The yield of C is encoded likewise. Note that the encoding is a Scheme program with the same meaning. See “cnvSch2” here for a program that computes s.
(define (C x) (if (symbol? x) x (if (eq? (car x) 'λ)
  (A (caadr x) (C (caddr x)))
  (list (C (car x)) (C (cadr x))))))
(define (A x s) (if (symbol? s) (if (eq? x s) 'I (list 'K s))
   (list (list 'S (A x (car s))) (A x (cadr s)))))
The interesting result is that x does not appear freely in (A x s).

A trick here is that “s” in “A [ (x, s) ]” subsumes K as well as variables. This subtlety is somewhat buried in the code! The yield is a valid Scheme program in a context that defines S, K and I.

(C 'w) => w
s[(λxy.x)] = s[(λx(λyx))] = '(λ (x) s[(λyx)]) = '(λ (x) (λ (y) s[x])) = '(λ (x) (λ (y) x))
(C '(λ (x) (λ (y) x))) => ((S (K K)) I)
The Scheme function ass below converts the yield of C to a form which exploits the left associative convention to minimize parentheses, but its yield is no longer a Scheme program.
(define (ass x) (if (pair? x) (if (pair? (car x))
   (append (ass (car x)) (map ass (cdr x))) 
    (cons (car x) (map ass (cdr x)))) x))
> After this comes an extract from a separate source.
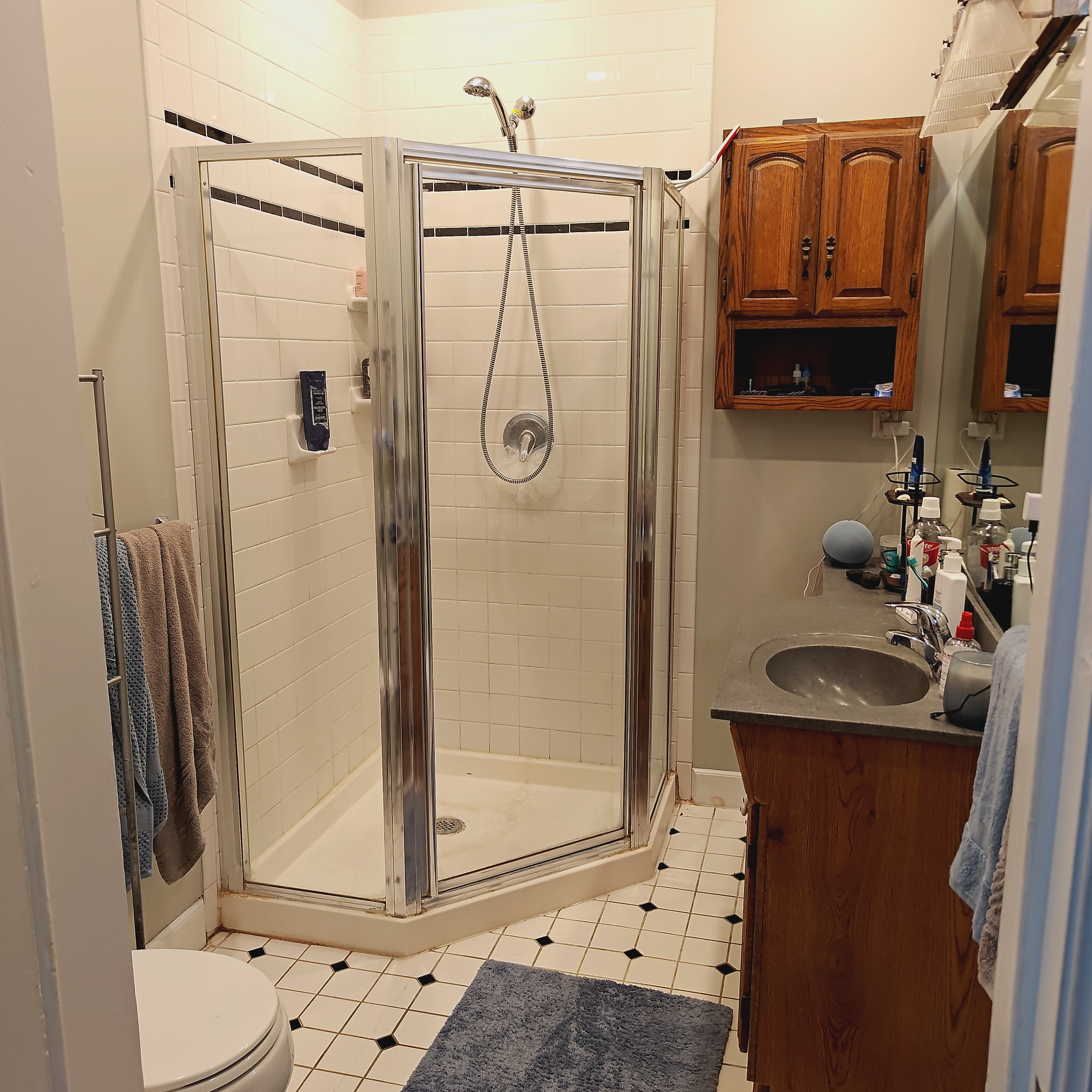 Large Historic Apartment Walkable to Market Street - Photo 7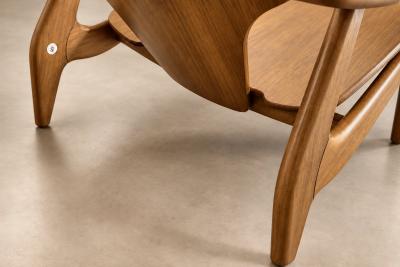 Sergio Rodrigues Pair of Diz Armchairs in Hardwood by Sergio Rodrigues Design 2001 Lot 1206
Working thru C[(λx(λy x))] by hand:
A[(x, C[(λy x)])]
A[(x, A[(y, C[x])])]
A[(x, A[(y, x)])]
A[(x, (K x))]
((S A[(x, K)]) A[(x, x)])
((S (K K)) I)
In general the yield of C or ass needs to be ensconced in an environ where S, K and I are appropriately defined.
Thus to test (((S (K K)) I) 3 5):
(((S (K K)) I) 3 5) ; App goes here.
(λfgx.fx(gx)) ; S
(λxy.x) ; K
(λx.x) ; I
(λfx.(f(xx))(λx.(f(xx)))) ; Y
which indeed yields 3!

And (C '(λ (x) (λ (y) y))) yields (K I).

(define (((S f) g) x) ((f x)(g x)))
(define ((K x) y) x)
(define (I x) x)
(((K I) 4) 6) ; => 6

(C S) = (C '(λ (f) (λ (g) (λ (x) ((f x) (g x)))))) => ((S ((S (K S)) ((S ((S (K S)) ((S (K K)) (K S)))) ((S ((S (K S)) ((S ((S (K S)) ((S (K K)) (K S)))) ((S ((S (K S)) ((S (K K)) (K K)))) ((S (K K)) I))))) ((S (K K)) (K I)))))) ((S ((S (K S)) ((S ((S (K S)) ((S (K K)) (K S)))) ((S ((S (K S)) ((S (K K)) (K K)))) (K I))))) ((S (K K)) (K I))))

Notice the expansion.